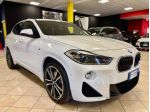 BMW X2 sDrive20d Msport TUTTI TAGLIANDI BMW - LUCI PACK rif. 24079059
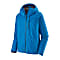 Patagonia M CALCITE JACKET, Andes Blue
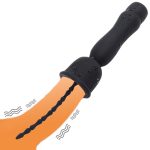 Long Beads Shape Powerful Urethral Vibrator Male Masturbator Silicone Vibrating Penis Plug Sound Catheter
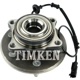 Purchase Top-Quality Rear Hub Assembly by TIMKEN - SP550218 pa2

###

- PROBLEM STATEMENT -
Your task is to reproduce all of the material exactly. The pictures stay out.

- SOLUTION -
 BMW X2 sDrive20d Msport TUTTI TAGLIANDI BMW - LUCI PACK rif. 24079059
 Patagonia M CALCITE JACKET, Andes Blue
 Long Beads Shape Powerful Urethral Vibrator Male Masturbator Silicone Vibrating Penis Plug Sound Catheter
 Purchase Top-Quality Rear Hub Assembly by TIMKEN - SP550218 pa2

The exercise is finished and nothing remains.